Trente ans séparent Dorothy Wellesley, aristocrate anglaise fraîchement séparée du duc de Wellington, un temps amante de Vita Sackville-West, et W.B Yeats, qui entre dans sa soixante-dixième année. À travers ces lettres se découvre le cheminement d’une passion tardive, qui ravive en Yeats les sensations de son amour de jeunesse, Maud Gonne (qu’il aura demandé en mariage trois fois sans succès et à qui il dédia de nombreux poèmes), ainsi que son goût pour la noblesse de pensée et le confort de la vie aristocratique. Noblesse, c’est ce qui caractérise en effet l’amitié qui unit ces deux âmes vouées à la poésie, et c’est pourquoi ce livre reflète si bien ce qu’elle a de plus fulgurant et de plus ancré dans la vie réelle.
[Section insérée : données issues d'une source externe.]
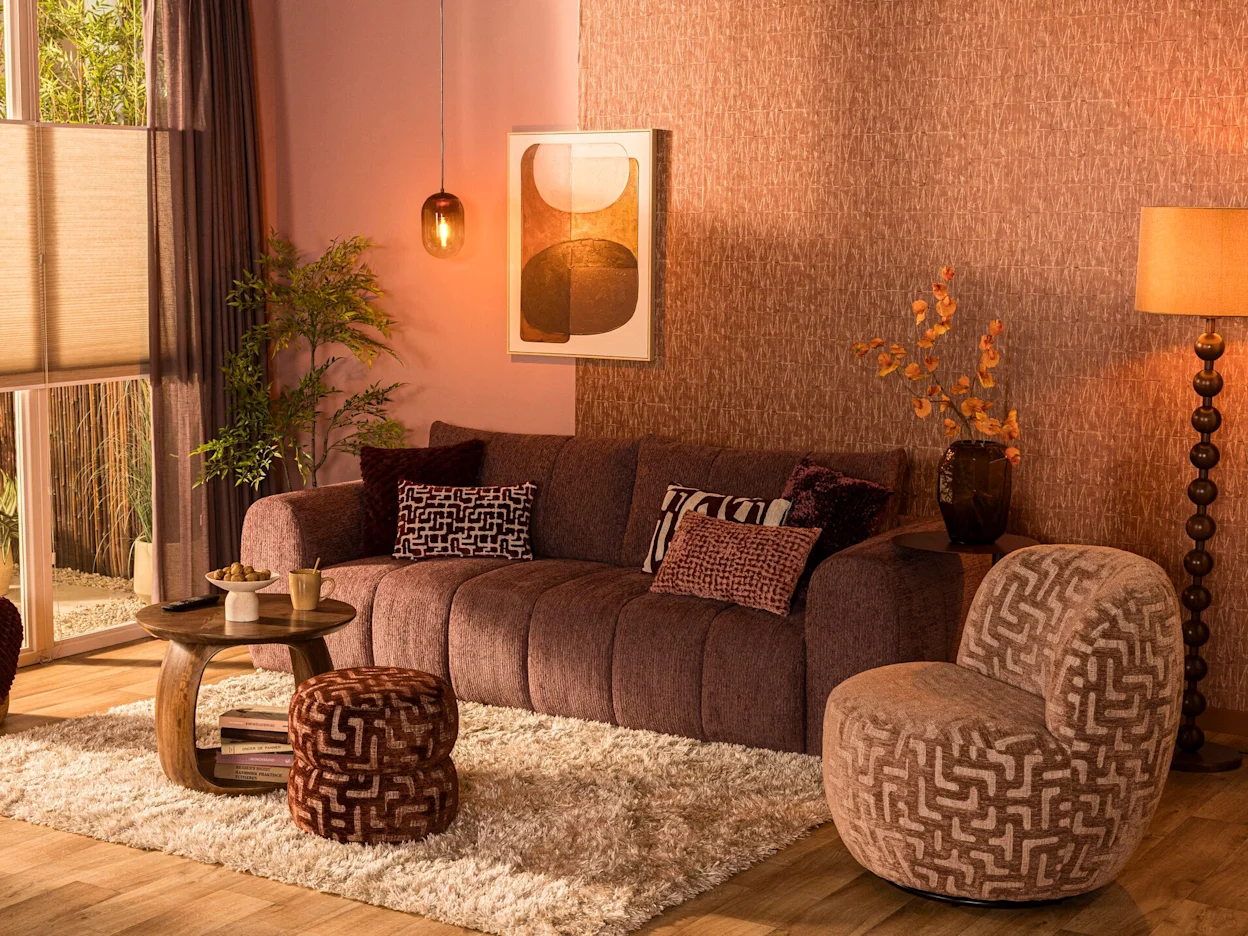 3-zitsbank Juliette in mauve in een sfeervol interieur in warme bruin tinten, zachte materialen en ronde vormen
Le début de cette complicité amicale se transforme rapidement en amitié amoureuse de la part de Yeats, tandis que croît en Dorothy une admiration protectrice, bienveillante, et souvent passionnée pour ses textes et sa personnalité exubérante. Débordant d’activité en dépit d’une vie ponctuée par les ravages d’une angine de poitrine, Yeats se montre dans ses dernières années, plus prolifique que jamais.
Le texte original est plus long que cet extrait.